Bubble Sort

Algorithms

Bubble sort walks the array from left to right, comparing each element to its right-hand neighbor and swapping the two if they're out of order. After one full pass the largest element has "bubbled" to the end. Repeat, and the array is sorted.

The orange bars are the pair currently being compared. When they're out of order they turn rose and slide past each other — one arcs over the top so you can see which slot it's coming from.

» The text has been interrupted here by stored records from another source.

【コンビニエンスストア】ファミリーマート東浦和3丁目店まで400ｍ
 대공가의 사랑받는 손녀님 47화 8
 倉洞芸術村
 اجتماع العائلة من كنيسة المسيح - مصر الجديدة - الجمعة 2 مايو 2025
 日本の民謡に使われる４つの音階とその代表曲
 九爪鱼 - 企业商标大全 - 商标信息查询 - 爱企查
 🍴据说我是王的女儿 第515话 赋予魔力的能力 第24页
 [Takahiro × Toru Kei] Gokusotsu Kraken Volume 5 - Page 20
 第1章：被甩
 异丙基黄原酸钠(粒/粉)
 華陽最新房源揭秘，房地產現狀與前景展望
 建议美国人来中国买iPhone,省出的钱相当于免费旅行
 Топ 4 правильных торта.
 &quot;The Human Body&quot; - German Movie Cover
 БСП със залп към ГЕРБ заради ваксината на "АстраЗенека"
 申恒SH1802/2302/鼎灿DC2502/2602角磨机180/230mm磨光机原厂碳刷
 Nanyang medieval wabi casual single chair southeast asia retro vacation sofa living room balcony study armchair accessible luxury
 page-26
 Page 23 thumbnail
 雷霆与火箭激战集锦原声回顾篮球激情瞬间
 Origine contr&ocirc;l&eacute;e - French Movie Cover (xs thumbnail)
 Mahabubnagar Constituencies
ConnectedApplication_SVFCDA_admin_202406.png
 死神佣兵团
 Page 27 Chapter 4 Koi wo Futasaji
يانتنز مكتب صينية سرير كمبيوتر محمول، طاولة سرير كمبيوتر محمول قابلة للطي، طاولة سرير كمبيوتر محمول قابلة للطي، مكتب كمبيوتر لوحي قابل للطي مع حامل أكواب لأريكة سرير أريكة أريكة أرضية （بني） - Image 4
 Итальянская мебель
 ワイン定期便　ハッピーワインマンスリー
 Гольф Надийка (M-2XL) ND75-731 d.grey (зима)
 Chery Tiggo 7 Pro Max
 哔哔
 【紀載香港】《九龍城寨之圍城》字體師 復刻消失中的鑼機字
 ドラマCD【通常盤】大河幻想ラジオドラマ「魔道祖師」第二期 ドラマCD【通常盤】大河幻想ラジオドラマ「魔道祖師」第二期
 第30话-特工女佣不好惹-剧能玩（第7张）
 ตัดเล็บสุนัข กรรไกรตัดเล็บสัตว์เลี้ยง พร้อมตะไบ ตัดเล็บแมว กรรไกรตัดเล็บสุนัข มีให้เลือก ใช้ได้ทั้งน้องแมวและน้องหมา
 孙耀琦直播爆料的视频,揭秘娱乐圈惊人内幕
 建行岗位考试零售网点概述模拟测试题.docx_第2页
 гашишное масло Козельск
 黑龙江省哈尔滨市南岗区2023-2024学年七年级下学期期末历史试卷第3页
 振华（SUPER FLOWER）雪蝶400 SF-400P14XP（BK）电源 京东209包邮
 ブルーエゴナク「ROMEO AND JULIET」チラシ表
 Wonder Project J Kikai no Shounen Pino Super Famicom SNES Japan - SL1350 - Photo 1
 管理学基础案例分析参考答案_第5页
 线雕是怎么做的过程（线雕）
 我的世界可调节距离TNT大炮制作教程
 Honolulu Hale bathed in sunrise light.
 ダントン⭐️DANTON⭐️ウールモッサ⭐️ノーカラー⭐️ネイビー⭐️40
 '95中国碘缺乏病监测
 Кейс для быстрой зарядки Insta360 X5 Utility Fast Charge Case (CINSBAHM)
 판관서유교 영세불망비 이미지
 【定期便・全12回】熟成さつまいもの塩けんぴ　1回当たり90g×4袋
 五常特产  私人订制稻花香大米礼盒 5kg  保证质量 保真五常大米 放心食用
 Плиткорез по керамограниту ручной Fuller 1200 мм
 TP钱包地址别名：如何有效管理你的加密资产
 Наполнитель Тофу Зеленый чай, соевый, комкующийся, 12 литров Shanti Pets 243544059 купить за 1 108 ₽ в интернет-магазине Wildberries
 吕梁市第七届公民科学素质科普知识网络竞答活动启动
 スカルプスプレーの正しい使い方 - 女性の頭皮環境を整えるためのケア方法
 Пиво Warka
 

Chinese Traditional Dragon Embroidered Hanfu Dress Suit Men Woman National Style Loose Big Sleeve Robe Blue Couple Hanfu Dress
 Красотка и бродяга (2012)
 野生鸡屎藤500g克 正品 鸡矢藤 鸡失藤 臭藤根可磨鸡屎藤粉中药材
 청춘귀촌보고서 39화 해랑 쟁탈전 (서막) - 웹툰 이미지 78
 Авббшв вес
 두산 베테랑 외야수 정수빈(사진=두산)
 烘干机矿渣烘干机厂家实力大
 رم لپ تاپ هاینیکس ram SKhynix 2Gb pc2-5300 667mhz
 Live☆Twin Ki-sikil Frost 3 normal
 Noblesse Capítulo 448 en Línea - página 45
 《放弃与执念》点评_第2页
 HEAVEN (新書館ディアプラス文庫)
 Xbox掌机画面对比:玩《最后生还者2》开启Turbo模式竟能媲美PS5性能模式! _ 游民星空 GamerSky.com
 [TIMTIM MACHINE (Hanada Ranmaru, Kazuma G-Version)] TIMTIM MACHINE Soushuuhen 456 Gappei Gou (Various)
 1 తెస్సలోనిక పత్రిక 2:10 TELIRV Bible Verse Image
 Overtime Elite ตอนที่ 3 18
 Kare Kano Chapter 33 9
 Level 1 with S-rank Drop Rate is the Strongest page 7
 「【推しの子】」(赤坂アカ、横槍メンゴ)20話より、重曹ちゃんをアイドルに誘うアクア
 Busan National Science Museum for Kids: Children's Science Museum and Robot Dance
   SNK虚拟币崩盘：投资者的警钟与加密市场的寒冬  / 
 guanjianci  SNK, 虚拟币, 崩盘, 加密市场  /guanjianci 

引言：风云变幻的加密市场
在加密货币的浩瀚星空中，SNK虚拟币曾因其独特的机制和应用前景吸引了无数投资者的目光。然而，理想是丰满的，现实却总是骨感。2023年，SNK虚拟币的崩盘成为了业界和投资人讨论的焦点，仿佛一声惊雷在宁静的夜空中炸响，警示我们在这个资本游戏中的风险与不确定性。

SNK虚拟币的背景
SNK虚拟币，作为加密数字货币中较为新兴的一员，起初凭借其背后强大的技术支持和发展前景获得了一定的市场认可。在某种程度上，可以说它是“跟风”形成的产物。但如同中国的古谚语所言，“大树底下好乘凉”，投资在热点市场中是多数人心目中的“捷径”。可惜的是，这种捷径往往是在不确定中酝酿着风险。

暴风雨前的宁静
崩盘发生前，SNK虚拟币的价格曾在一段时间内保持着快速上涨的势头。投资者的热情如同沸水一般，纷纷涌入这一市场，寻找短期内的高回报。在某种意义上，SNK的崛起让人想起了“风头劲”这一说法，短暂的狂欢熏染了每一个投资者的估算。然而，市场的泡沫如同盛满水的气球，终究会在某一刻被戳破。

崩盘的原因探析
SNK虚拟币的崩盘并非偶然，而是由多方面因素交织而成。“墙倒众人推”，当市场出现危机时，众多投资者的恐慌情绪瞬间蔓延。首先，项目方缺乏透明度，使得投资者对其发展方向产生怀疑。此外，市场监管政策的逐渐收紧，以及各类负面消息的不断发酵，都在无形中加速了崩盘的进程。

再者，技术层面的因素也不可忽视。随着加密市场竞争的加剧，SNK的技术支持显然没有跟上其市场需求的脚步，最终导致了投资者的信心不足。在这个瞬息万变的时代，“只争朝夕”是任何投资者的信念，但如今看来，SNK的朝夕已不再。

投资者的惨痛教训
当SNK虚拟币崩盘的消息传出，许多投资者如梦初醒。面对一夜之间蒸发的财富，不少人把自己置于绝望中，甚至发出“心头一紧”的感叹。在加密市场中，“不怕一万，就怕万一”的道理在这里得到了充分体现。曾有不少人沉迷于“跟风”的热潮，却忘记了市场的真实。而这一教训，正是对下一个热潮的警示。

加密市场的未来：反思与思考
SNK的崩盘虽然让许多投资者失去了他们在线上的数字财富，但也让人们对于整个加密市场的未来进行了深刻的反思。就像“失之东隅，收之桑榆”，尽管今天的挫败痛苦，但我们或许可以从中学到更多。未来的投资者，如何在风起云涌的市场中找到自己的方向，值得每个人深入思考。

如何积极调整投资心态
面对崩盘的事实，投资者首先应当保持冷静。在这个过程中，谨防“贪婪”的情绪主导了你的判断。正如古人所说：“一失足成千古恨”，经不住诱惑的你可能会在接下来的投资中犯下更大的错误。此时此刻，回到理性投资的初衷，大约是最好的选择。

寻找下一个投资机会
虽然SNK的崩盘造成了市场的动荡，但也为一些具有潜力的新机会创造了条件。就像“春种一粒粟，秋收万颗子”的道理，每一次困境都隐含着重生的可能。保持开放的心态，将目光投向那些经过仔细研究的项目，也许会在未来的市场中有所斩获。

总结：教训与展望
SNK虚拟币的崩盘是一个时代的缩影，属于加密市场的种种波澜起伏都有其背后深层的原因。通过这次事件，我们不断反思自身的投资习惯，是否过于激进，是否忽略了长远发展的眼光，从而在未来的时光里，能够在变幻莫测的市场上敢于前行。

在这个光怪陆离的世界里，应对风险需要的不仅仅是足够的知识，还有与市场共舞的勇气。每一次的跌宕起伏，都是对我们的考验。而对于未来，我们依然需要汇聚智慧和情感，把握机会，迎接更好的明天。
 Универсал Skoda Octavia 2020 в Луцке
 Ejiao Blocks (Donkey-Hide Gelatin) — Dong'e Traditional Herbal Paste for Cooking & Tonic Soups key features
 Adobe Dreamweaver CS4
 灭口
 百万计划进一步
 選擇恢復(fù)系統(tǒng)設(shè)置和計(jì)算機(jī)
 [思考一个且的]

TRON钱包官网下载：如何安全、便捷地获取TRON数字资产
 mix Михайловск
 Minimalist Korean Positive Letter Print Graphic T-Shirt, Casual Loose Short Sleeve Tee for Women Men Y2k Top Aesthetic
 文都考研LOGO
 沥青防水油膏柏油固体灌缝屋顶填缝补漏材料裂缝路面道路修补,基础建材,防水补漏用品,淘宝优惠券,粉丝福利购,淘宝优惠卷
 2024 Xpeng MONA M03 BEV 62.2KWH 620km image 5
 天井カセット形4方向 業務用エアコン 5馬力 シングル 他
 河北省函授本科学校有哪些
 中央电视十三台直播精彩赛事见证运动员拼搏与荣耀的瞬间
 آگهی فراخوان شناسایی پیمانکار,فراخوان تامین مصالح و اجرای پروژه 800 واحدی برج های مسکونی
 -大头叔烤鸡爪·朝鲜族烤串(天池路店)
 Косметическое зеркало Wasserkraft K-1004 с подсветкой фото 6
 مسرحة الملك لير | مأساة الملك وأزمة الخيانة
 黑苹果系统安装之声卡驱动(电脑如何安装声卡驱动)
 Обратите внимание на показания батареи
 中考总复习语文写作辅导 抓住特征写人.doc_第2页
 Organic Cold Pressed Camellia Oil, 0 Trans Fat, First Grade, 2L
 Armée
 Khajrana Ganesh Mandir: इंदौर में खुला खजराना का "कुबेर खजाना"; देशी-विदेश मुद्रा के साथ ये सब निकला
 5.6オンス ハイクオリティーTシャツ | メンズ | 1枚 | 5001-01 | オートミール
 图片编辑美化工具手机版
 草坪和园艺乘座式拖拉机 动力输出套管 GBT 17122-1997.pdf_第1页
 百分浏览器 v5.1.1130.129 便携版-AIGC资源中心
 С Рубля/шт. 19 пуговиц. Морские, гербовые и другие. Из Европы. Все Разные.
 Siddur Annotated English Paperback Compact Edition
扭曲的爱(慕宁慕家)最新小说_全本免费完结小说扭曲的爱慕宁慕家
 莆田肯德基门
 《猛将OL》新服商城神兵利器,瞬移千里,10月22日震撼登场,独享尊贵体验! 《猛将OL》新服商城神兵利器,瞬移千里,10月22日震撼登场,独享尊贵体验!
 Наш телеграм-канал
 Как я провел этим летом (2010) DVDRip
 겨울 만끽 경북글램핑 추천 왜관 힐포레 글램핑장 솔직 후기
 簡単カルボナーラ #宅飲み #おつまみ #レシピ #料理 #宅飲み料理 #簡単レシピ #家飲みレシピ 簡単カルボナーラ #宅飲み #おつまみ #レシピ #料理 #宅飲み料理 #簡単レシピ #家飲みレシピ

As the algorithm finishes a pass, the largest unsorted element settles at the right and turns green; that column is fixed for the rest of the run.

Swapping two values

The atomic operation under every comparison sort is the swap. The classic form uses a temporary variable; Python lets you write it as a single parallel assignment.

# Swap with a temporary variable — works in any language.
tmp = a
a = b
b = tmp

# Or in Python, using tuple unpacking:
a, b = b, a

The algorithm

Two nested loops: the outer loop counts how many passes have completed, the inner loop walks once across the still-unsorted prefix. The swapped flag short-circuits the run as soon as a pass goes by without any swaps — a cheap win when the input is already nearly sorted.

def bubble_sort(arr):
    n = len(arr)
    for i in range(n - 1):
        swapped = False
        for j in range(n - i - 1):
            if arr[j] > arr[j + 1]:
                arr[j], arr[j + 1] = arr[j + 1], arr[j]
                swapped = True
        if not swapped:           # array already sorted
            break
    return arr


# Example
print(bubble_sort([3, 1, 2, 5, 4]))
# [1, 2, 3, 4, 5]

Complexity

Worst-case (reverse-sorted input) requires a full triangle of comparisons and swaps: O(n²) comparisons and O(n²) swaps. Best-case (already-sorted input) takes a single O(n) pass thanks to the swapped short-circuit. Average case is O(n²). Memory: O(1) — the swap is in-place.

Bubble sort is mostly a teaching algorithm; for practical sorting use merge sort, quick sort, or your language's built-in (which is usually Timsort or introsort). But the comparison-and-swap pattern shown above generalizes to selection sort and insertion sort, and the visualizer on this page works for any of them — just plug in a different action generator.

Trace it by hand

ProblemOne pass of bubble sort
Apply ONE full pass of bubble sort (left-to-right, swap adjacent pairs where the left element is bigger) to the array [5, 2, 4, 6, 1, 3]. Report the resulting array and the number of swaps.